**HOW TO COMPLETE THIS TASK:** Transcribe each line below without altering anything.

**MATERIAL SUPPLIED:**
************

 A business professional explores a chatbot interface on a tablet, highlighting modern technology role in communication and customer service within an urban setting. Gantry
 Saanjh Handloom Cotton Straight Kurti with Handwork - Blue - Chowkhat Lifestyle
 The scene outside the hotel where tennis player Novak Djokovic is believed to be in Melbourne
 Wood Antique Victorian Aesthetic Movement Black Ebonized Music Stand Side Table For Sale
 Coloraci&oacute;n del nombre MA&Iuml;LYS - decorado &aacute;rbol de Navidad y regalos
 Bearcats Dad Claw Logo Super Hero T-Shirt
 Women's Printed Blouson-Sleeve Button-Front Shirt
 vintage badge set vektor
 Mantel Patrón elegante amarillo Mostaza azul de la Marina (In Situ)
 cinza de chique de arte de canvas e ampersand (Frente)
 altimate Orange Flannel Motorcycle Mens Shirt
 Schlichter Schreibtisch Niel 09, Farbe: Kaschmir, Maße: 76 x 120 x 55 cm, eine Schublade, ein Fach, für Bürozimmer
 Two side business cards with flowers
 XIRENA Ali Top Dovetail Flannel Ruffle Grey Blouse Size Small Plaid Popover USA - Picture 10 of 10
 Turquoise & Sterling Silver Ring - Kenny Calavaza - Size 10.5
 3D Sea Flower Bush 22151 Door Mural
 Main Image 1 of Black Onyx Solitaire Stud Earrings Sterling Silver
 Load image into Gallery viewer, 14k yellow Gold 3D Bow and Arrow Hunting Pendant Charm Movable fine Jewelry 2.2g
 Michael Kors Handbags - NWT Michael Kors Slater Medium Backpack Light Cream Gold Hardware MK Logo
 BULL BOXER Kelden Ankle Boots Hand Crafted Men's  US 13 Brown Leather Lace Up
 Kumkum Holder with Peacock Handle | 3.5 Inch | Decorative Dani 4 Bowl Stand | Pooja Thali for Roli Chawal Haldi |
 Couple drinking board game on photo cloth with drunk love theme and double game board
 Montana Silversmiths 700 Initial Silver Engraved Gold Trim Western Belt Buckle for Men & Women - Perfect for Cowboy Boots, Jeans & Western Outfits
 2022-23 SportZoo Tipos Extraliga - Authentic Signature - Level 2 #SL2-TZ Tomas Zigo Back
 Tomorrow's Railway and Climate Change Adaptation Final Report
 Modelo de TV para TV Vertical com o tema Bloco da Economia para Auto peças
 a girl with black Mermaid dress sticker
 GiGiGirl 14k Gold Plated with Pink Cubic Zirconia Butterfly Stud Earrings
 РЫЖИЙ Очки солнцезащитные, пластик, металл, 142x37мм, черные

************

**SOLUTION TO THE EXERCISE:**
 A business professional explores a chatbot interface on a tablet, highlighting modern technology role in communication and customer service within an urban setting. Gantry
 Saanjh Handloom Cotton Straight Kurti with Handwork - Blue - Chowkhat Lifestyle
 The scene outside the hotel where tennis player Novak Djokovic is believed to be in Melbourne
 Wood Antique Victorian Aesthetic Movement Black Ebonized Music Stand Side Table For Sale
 Coloraci&oacute;n del nombre MA&Iuml;LYS - decorado &aacute;rbol de Navidad y regalos
 Bearcats Dad Claw Logo Super Hero T-Shirt
 Women's Printed Blouson-Sleeve Button-Front Shirt
 vintage badge set vektor
 Mantel Patrón elegante amarillo Mostaza azul de la Marina (In Situ)
 cinza de chique de arte de canvas e ampersand (Frente)
 altimate Orange Flannel Motorcycle Mens Shirt
 Schlichter Schreibtisch Niel 09, Farbe: Kaschmir, Maße: 76 x 120 x 55 cm, eine Schublade, ein Fach, für Bürozimmer
 Two side business cards with flowers
 XIRENA Ali Top Dovetail Flannel Ruffle Grey Blouse Size Small Plaid Popover USA - Picture 10 of 10
 Turquoise & Sterling Silver Ring - Kenny Calavaza - Size 10.5
 3D Sea Flower Bush 22151 Door Mural
 Main Image 1 of Black Onyx Solitaire Stud Earrings Sterling Silver
 Load image into Gallery viewer, 14k yellow Gold 3D Bow and Arrow Hunting Pendant Charm Movable fine Jewelry 2.2g
 Michael Kors Handbags - NWT Michael Kors Slater Medium Backpack Light Cream Gold Hardware MK Logo
 BULL BOXER Kelden Ankle Boots Hand Crafted Men's  US 13 Brown Leather Lace Up
 Kumkum Holder with Peacock Handle | 3.5 Inch | Decorative Dani 4 Bowl Stand | Pooja Thali for Roli Chawal Haldi |
 Couple drinking board game on photo cloth with drunk love theme and double game board
 Montana Silversmiths 700 Initial Silver Engraved Gold Trim Western Belt Buckle for Men & Women - Perfect for Cowboy Boots, Jeans & Western Outfits
 2022-23 SportZoo Tipos Extraliga - Authentic Signature - Level 2 #SL2-TZ Tomas Zigo Back
 Tomorrow's Railway and Climate Change Adaptation Final Report
 Modelo de TV para TV Vertical com o tema Bloco da Economia para Auto peças
 a girl with black Mermaid dress sticker
 GiGiGirl 14k Gold Plated with Pink Cubic Zirconia Butterfly Stud Earrings
 РЫЖИЙ Очки солнцезащитные, пластик, металл, 142x37мм, черные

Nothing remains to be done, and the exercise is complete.